Yea, this chick loves winter. Love the cold, the winter clothes, warm heat, tomato soup and grilled cheese sandwiches. Not necessarily in that order but all of it, nonetheless. September means bring out the hoodies, throw some more wood on the campfire and fill your cup with hot spiced cider, full of cloves and cinnamon. If you close your eyes and smell, you’re already there.
With the onset of Labor Day, and then the wonderful passing of it (all the tourists go back HOME), the beach on the Eastern Shore is once again home to the locals. They can roam their world without stepping around anyone who’s set up camp for a day or a week, those who cram it in quickly without really knowing what they’ve missed. September is wonderful – once again, the beach is ours.

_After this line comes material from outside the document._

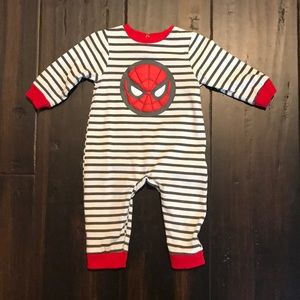 Spider-Man Romper 3/6M NWOT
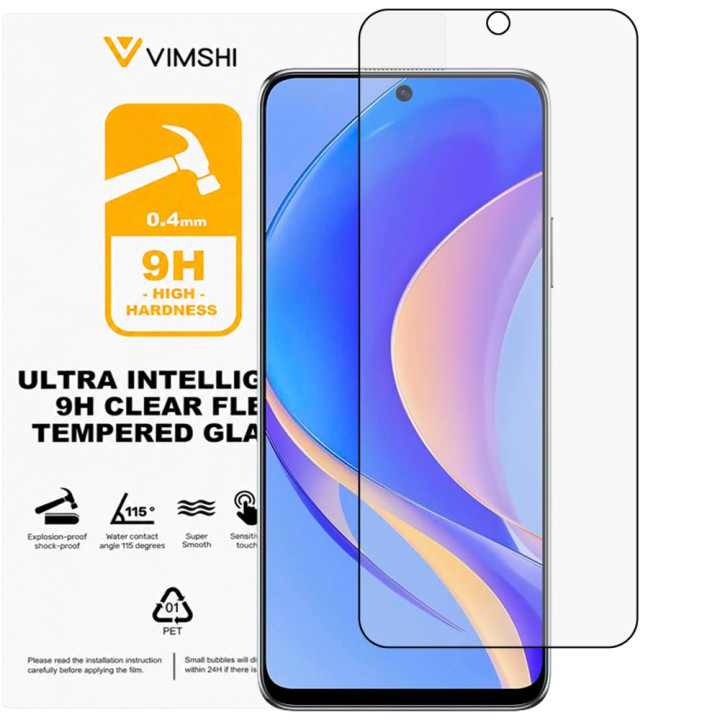 Противоударная защитная пленка Vimshi Ultra 9H Clear Flex для HUAWEI Nova Y90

September is also a month for harvest. Tobacco leaves turn brown, ready to be cut, dried and sent to market. We following these slow moving trucks loaded with tobacco and know it’s just a way of life. Cotton is ready. Harvesters are in the field, pulling the pods of white fluff, pack it in great bales that sit in the fields until it’s hauled away. A beautiful sight, watching life in action. Soybeans are almost ready. Combines and trucks are inspected before the big harvest. Soybean fields are nothing short of flowing waves of golden grain, timeless, beautiful and sometimes surreal.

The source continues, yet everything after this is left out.